(Problem details) The task for the listing below is to write out exactly the lines starting at the one containing "Мінівен Renault Scenic 2005 в Жовтих Водах" and ending at the one containing "เดินเล่นที่ Pop Mart Nanjing Road", both included. Pictures are to be omitted.
Segment Start: Records shown
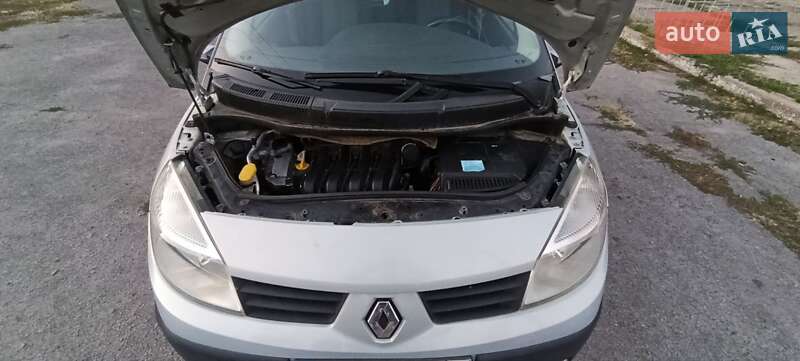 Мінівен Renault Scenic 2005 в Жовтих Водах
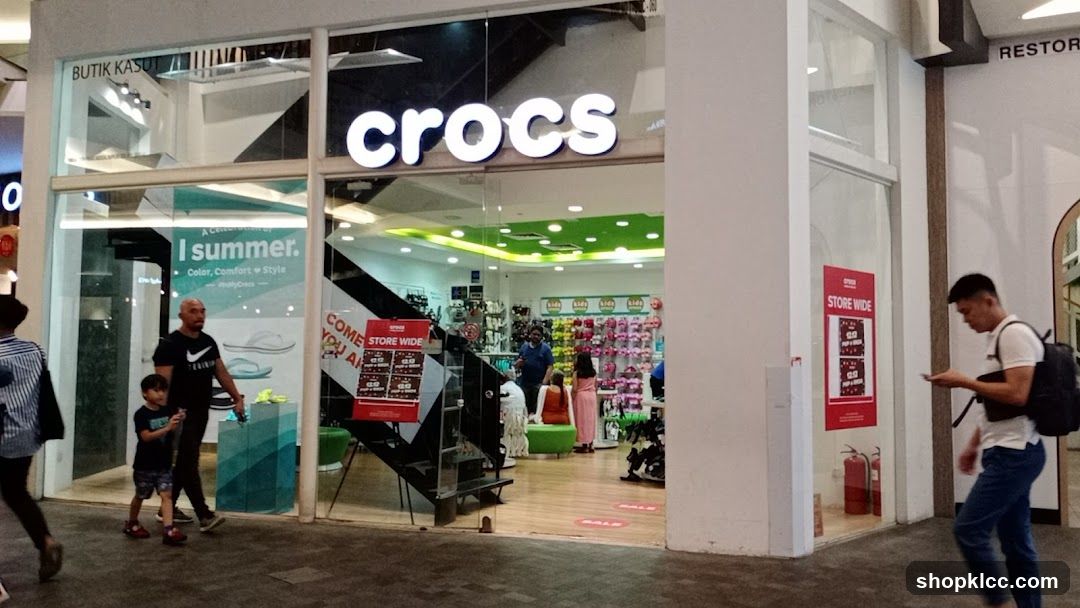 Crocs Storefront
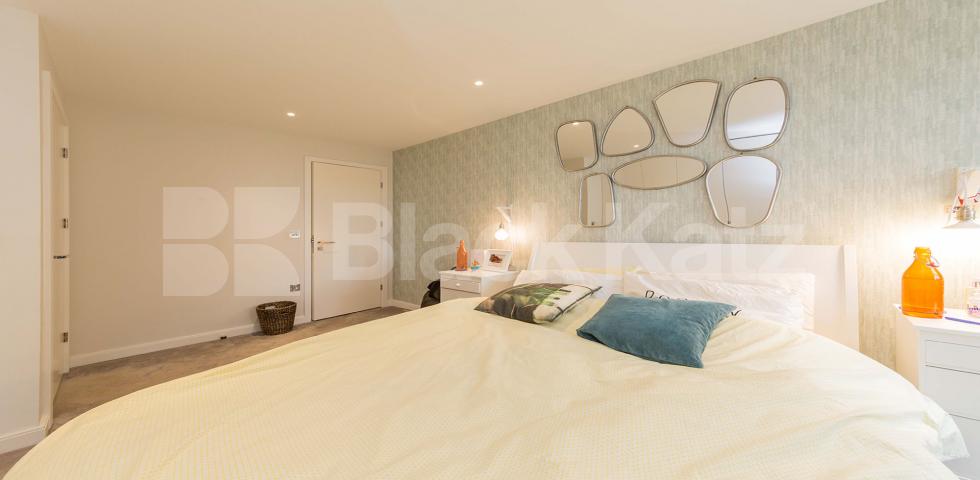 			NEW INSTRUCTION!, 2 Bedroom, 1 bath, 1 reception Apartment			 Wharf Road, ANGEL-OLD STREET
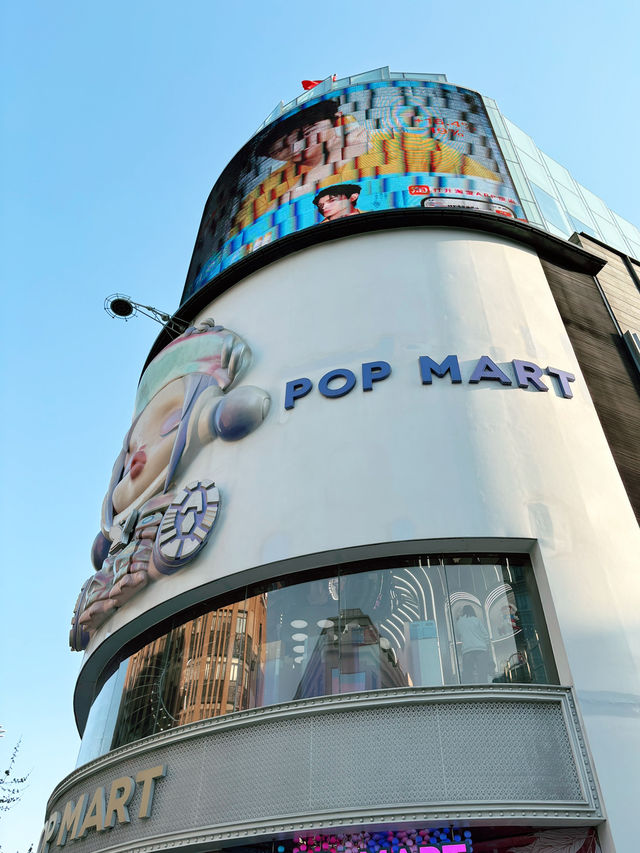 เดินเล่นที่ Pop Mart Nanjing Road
Segment End: Records shown
Segment Start: Records shown
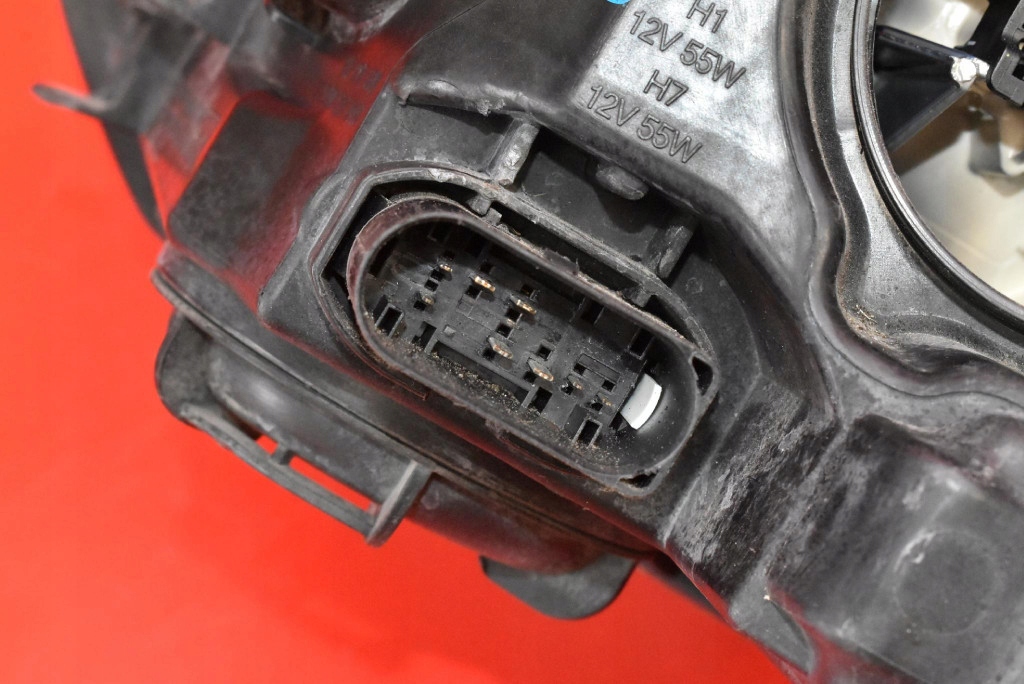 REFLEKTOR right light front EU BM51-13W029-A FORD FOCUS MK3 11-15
Segment End: Records shown
(Answer to this exercise)
 Мінівен Renault Scenic 2005 в Жовтих Водах
 Crocs Storefront
 			NEW INSTRUCTION!, 2 Bedroom, 1 bath, 1 reception Apartment			 Wharf Road, ANGEL-OLD STREET
 เดินเล่นที่ Pop Mart Nanjing Road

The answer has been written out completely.